Saturday, September 27

"For a moment there, I thought we were in trouble."

I remember once trying to figure out where one could place the cut-off between the generations of "classic" film actors and "modern" film actors. First off, you have the giants: Cary Grant and Jimmy Stewart and Henry Fonda and Clark Gable. Close on their heels you have the era of Gregory Peck and Burt Lancaster and Kirk Douglas and Robert Mitchum. Then the transition starts to happen: you get Chalton Heston, Jack Lemmon, Marlon Brando, Rock Hudson, Rod Steiger, George C. Scott – the generation that would bridge the divide into the era of television, the age of Clint Eastwood, Steve McQueen, Robert Duvall, and Robert Redford.

With all these overlapping generations of great actors, where does one place the segue between, to co-opt comics terminology, the Golden and Silver ages? (In comics, that moment would be the emergence of the Flash in 1956.)

It's tempting to place this bridge at the appearance of Heston and Brando in the early 1950s, but somehow, they feel like they still belong to the older, classic generation more than the new.

No, the real moment of transition, I think, can be placed on the rise of two men: James Dean in 1955, and following his death, the man who stepped into the void – the great Paul Newman.

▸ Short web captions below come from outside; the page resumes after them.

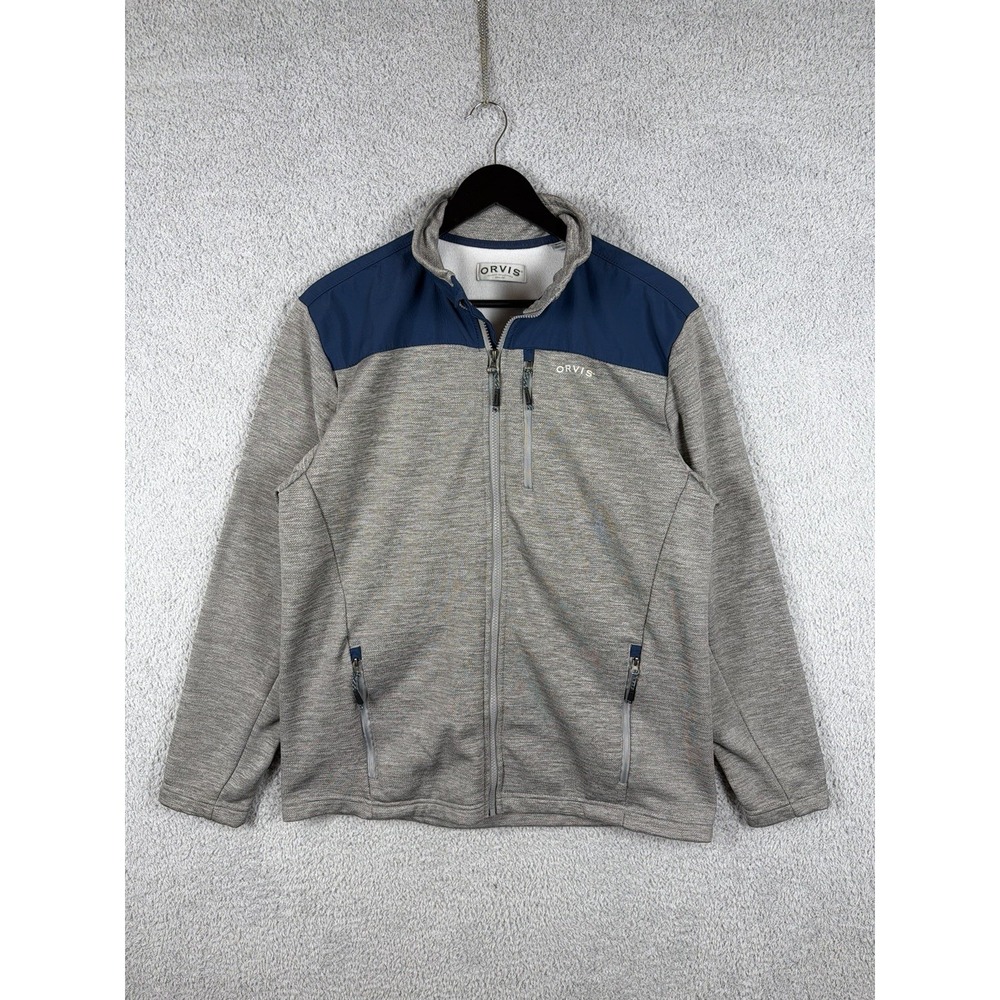 Orvis Jacket Mens Size M Gray Blue Long‎ Sleeve Fleece Outdoor Full Zip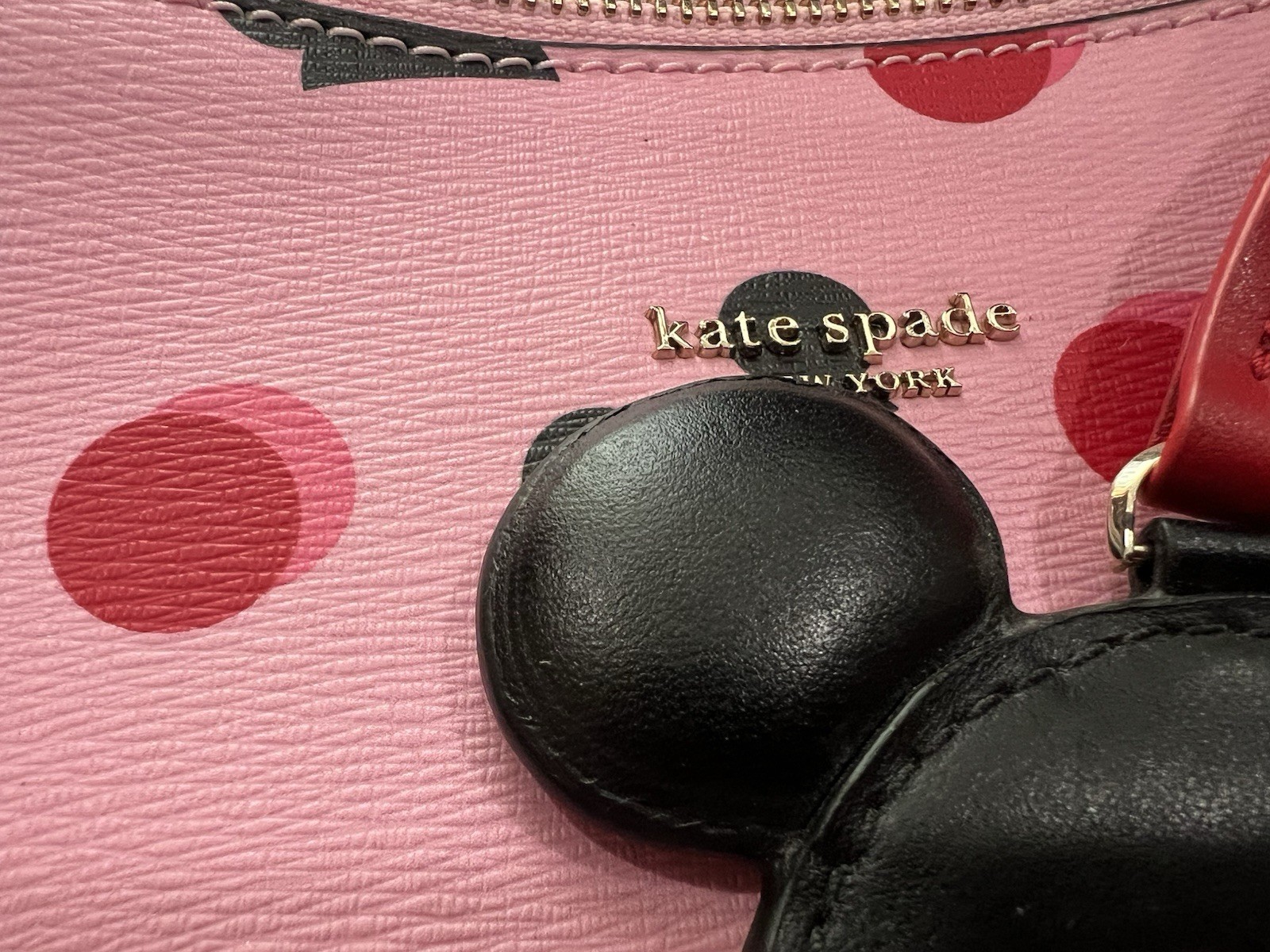 Disney Parks Kate Spade Tote Bag Pink Ears Hat Rock The Dots Mickey Mouse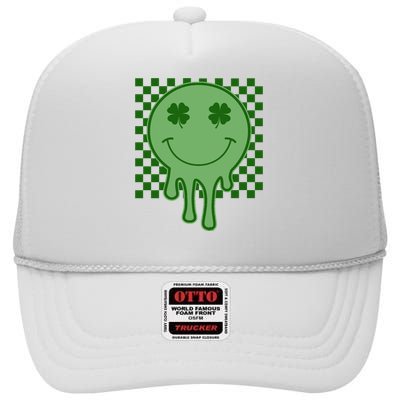 Retro Groovy St Patricks Smiley High Crown Mesh Back Trucker Hat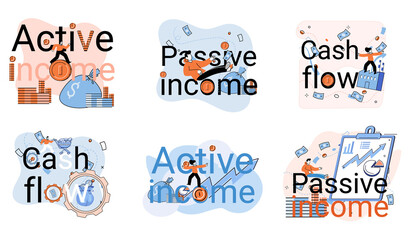 Active and passive income concept. Idea of financial growth and development with investments, interest on deposits, dividends. Set of illustrations about earnings, profit, cash and money flow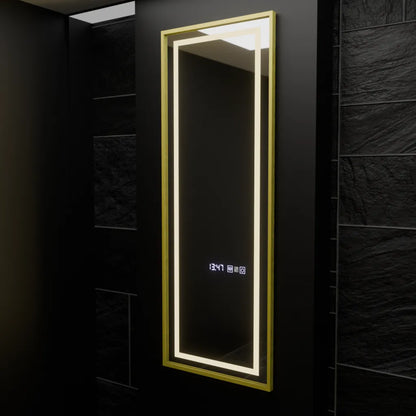 Specchio rettangolare a LED, 45x140 cm, sensore radar Elena Marcello, sistema antiappannamento, orologio e termometro, Dimabila, Dressing Couture Dressing Mirrors Titolo predefinito Alessandro Design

Newman didn't really "hit" until 1958, with three great films: The Long Hot Summer, The Left-Handed Gun, and Cat on a Hot Tin Roof. It's not hard to see that early on (and even as late as Hud in 1963 and Cool Hand Luke in 1967) Newman was very much the continuation of Dean. But by the time of Butch & Sundance in 1969, it's clear that Newman had broken out of that angsty mold and was embracing broader and more joyful roles. And that's the Newman that I think most of us loved best.

In any case, if you want to talk about the greatest actors of all time, you have to look at two camps: pre-Newman and post-Newman. He was both the Last of the Classics and the First of the Modern Greats.

Tough news today. We lost our Flash.